[TASK OBJECTIVE] Repeat the lines below exactly as written, please, from the line with "Удар БПЛА по жилому дому в Краматорске" to the line with "WEICHENGNEI | Adult", both lines included, and no others.

[RECORD EXTRACTS]
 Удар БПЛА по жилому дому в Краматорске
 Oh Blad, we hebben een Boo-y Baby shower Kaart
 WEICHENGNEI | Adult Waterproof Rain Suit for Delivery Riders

--

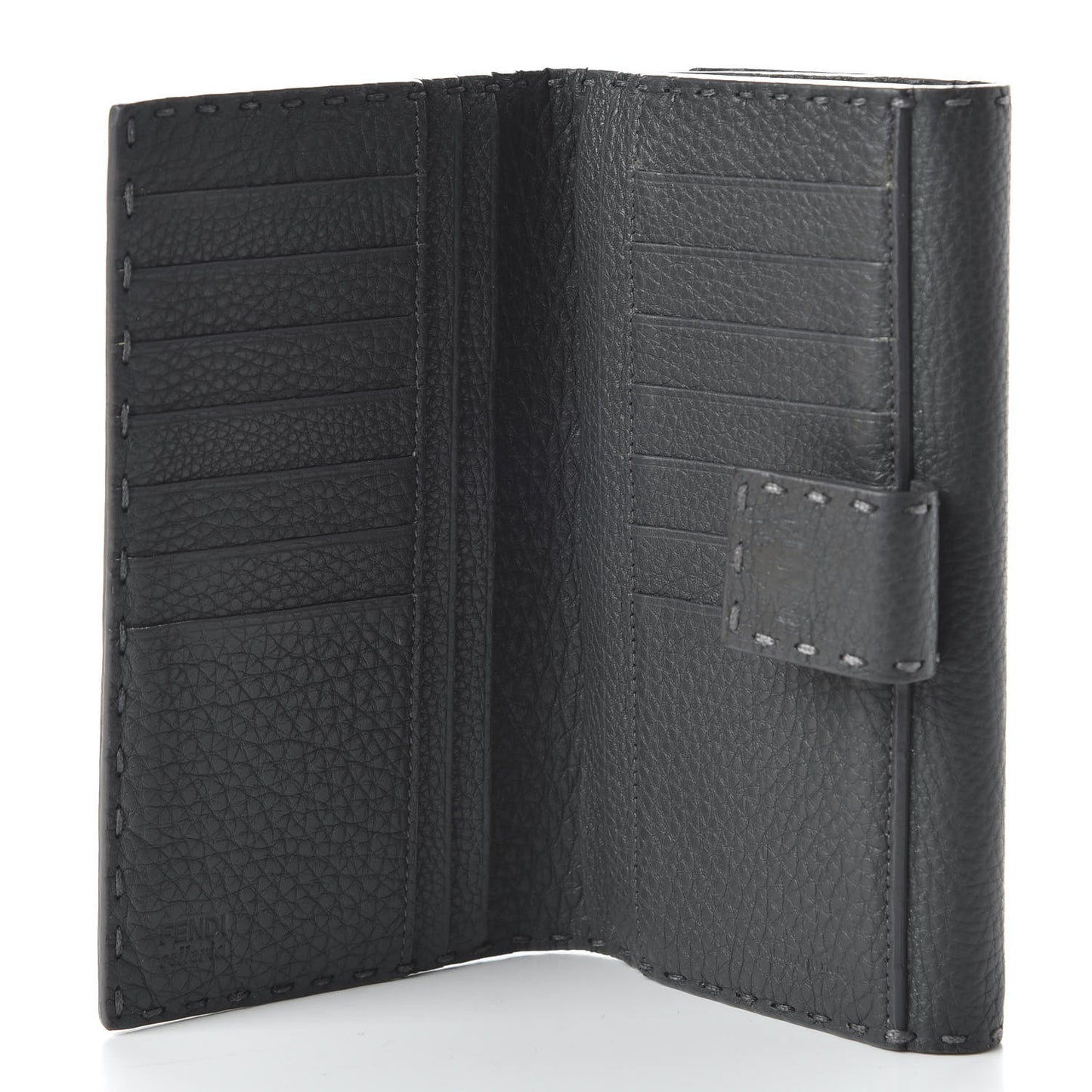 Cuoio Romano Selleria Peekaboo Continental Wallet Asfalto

--

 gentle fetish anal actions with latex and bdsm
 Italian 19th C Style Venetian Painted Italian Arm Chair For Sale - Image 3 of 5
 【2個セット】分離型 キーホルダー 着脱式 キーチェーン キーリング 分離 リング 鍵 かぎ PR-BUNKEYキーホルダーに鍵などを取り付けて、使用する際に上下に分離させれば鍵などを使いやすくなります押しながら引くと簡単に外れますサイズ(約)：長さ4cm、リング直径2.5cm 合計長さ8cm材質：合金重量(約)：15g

[RESULT]
 Удар БПЛА по жилому дому в Краматорске
 Oh Blad, we hebben een Boo-y Baby shower Kaart
 WEICHENGNEI | Adult Waterproof Rain Suit for Delivery Riders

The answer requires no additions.